The court granted the motion to dismiss Counts III-VI concerning the nonsignatory defendants but denied dismissal for the breach of contract claim, the implied covenant of good faith claim against M.W. U.S. (Count II), and the tortious interference claims (Counts VII and VIII). The court also denied the motion regarding personal jurisdiction over the German defendants and the claim for punitive damages (Count IX). Consequently, Counts I, II, VII-IX remain active, while Counts III-VI were dismissed without prejudice.

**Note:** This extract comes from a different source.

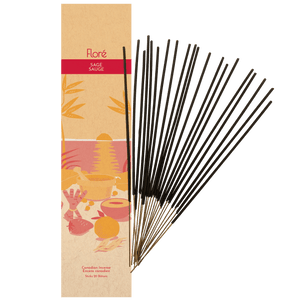 Image of Flore Canadian Incense Sage package, featuring a strawberry, orange, cinnamon stick, mortar and pestle on a warm beach. There are 20 incense sticks splayed beside it as every package contains 20 incense sticks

The case stems from a Manufacturer’s Representative Agreement dated January 16, 2004, which designated One Source as the exclusive sales representative for M.W. Zander in a specified territory, with obligations for confidentiality and non-competition in exchange for commissions on sales, although the commission amounts were not explicitly detailed in the agreement.

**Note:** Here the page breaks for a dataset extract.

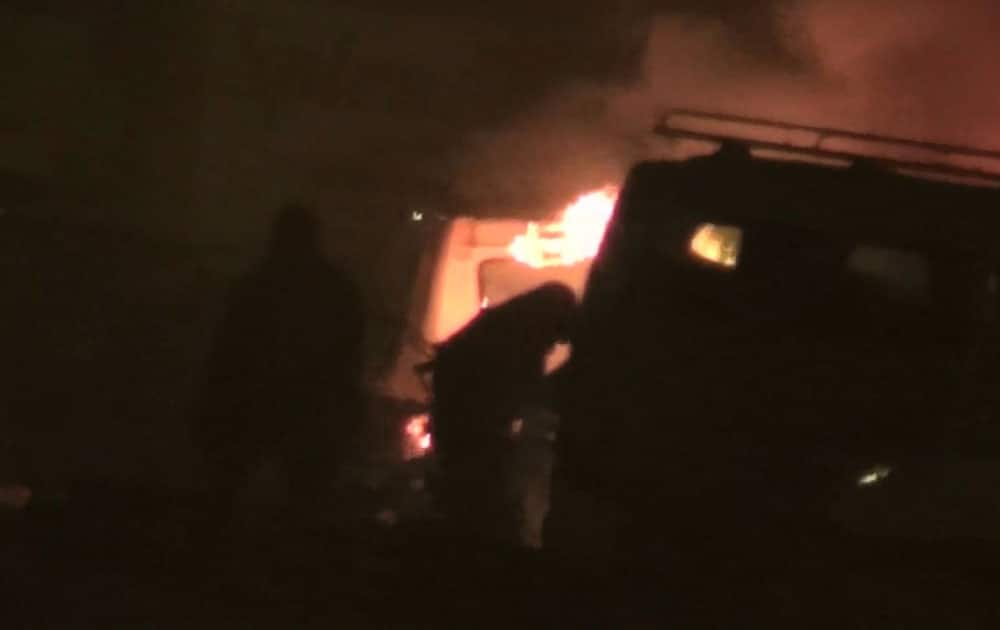 IN THIS GRAB TAKEN FROM VIDEO BY ASSOCIATE PRESS TELEVISION, AN ARMED POLICEMAN PATROLS THE AREA AFTER AN ATTACK ON A HOTEL, IN OUAGADOUGOU, BURKINA FASO.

The Agreement does not have a termination date but allows the Company and/or the Representative to cancel it with thirty days' notice. Both parties have undergone structural and nomenclature changes since the 2004 Agreement's inception. The original Agreement was between One Source Environmental Testing Services (OSETS) and M. W Zander, Inc., the U.S. division of German company M. W Zander AG. M. W Zander, Inc. later became M. W U.S., a Delaware corporation based in Watervliet, New York. The SAC asserts claims against M. W U.S. as the successor to M. W Zander, Inc. 

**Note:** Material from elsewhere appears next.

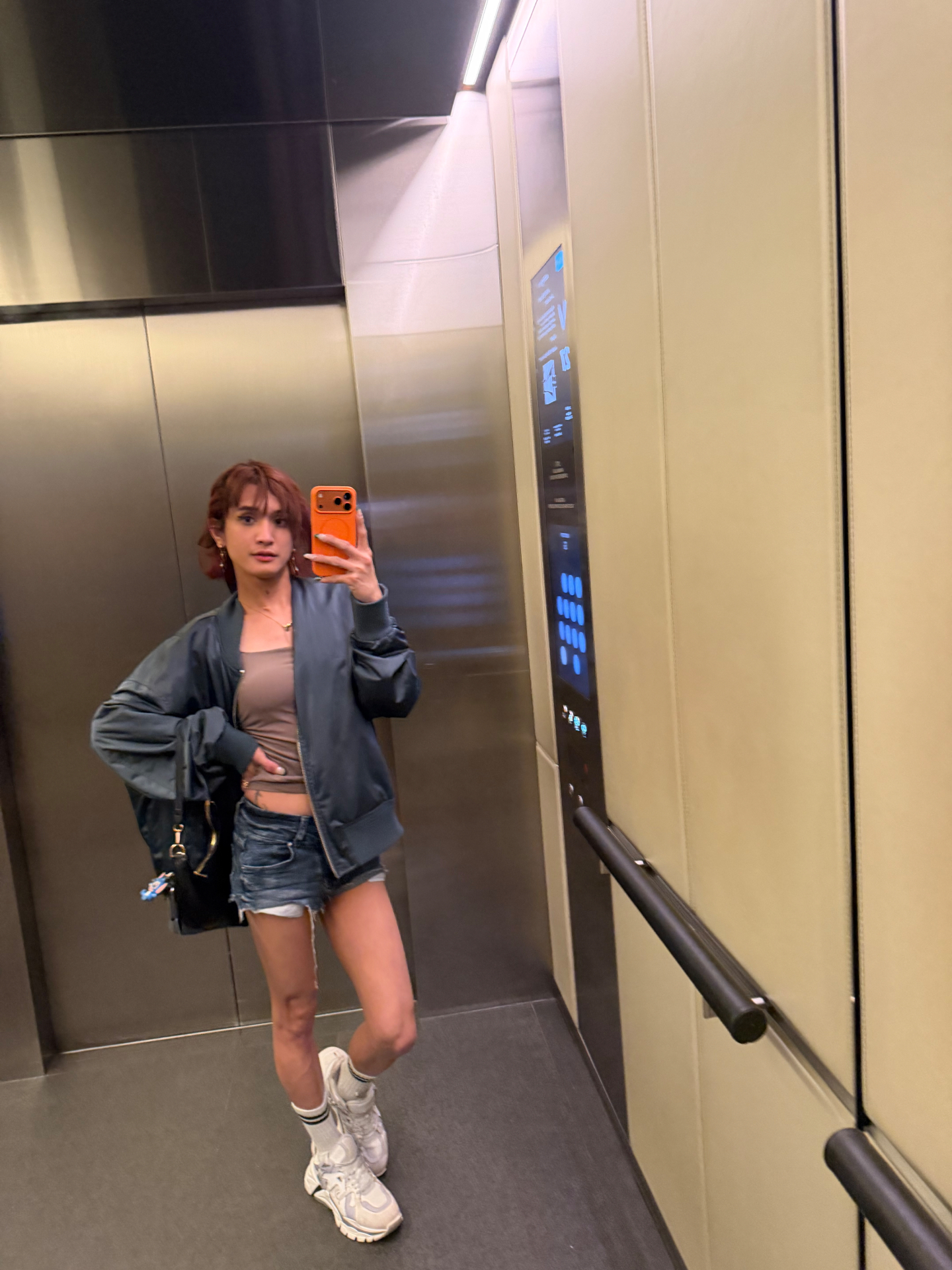 POR$CHA in bomber jacket and shorts, elevator mirror self-portrait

At the time of the Agreement, One Source operated under the trade name registered by founder Jeffrey Jimmo. In 2004, Jimmo registered the business as an LLC, shortening its name, but the SAC argues that One Source LLC is a continuation of OSETS. Jimmo remained the owner, with consistent management, assets, and contact information post-conversion, leading One Source to claim it is the successor in interest to the original Agreement.

One Source acknowledges that the Agreement was signed for M. W Zander, Inc., but brings claims against several nonsignatory entities—M. W Group and M. W Products (the "German Defendants") and TFS—based on apparent authority. One Source claims that the Agreement was intended to establish One Source as the exclusive representative of M. W Group, which manufactures clean room components, while M. W Products produces items for M. W Group and is wholly owned by M. W Facility Engineering GmbH, also owned by M. W Group. 

The SAC contends M. W Group and M. W Products are parties to the Agreement because Ralf Graber and M. W U.S. had apparent authority to bind them. One Source supports this with evidence indicating that M. W divisions operated as a single entity, such as sharing a website, letterhead, and email addresses. Additionally, an email exchange reflects that M. W U.S. and the German subsidiary viewed the relationship with One Source as interconnected. One Source cites an email expressing excitement about making M-W Zander successful in the U.S. as evidence of its understanding that it was engaging with M. W Germany.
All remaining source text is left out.